*** The data ***
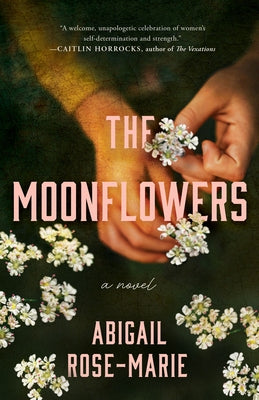 Paperback of The Moonflowers novel by Lake Union Publishing, showing the book cover with floral artwork and title.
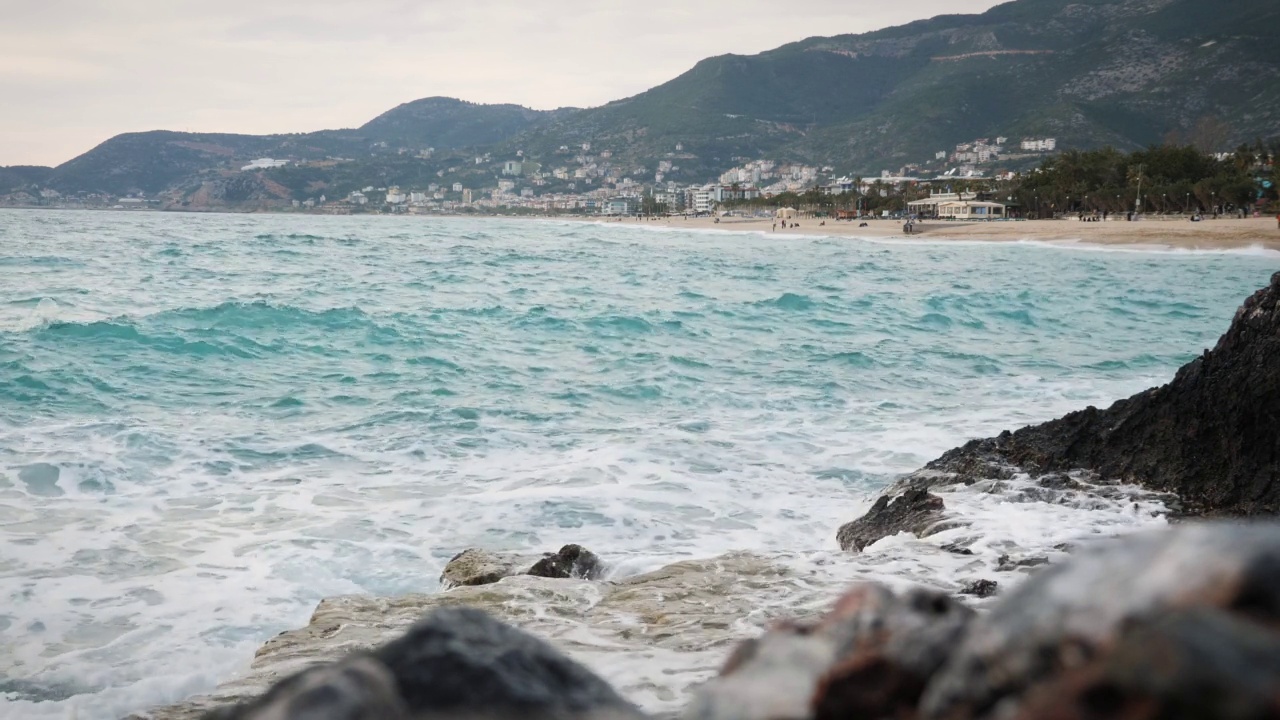 海浪冲击着岩石嶙峋的海岸线。湛蓝的海洋和巨大的海浪拍打着岩石悬崖，溅起白色的泡沫。蓝色的海浪拍打着岩石山脉的悬崖视频素材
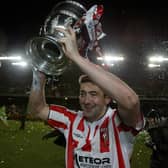 Peter Hutton holding aloft the FAI Cup after Derry City's memorable win over St Patrick's Athletic.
*** End of The data ***
> [Your objective]: The whole listing above, minus its pictures, is what you should write out word for word.

> [Written reply]:
 Paperback of The Moonflowers novel by Lake Union Publishing, showing the book cover with floral artwork and title.
 海浪冲击着岩石嶙峋的海岸线。湛蓝的海洋和巨大的海浪拍打着岩石悬崖，溅起白色的泡沫。蓝色的海浪拍打着岩石山脉的悬崖视频素材
 Peter Hutton holding aloft the FAI Cup after Derry City's memorable win over St Patrick's Athletic.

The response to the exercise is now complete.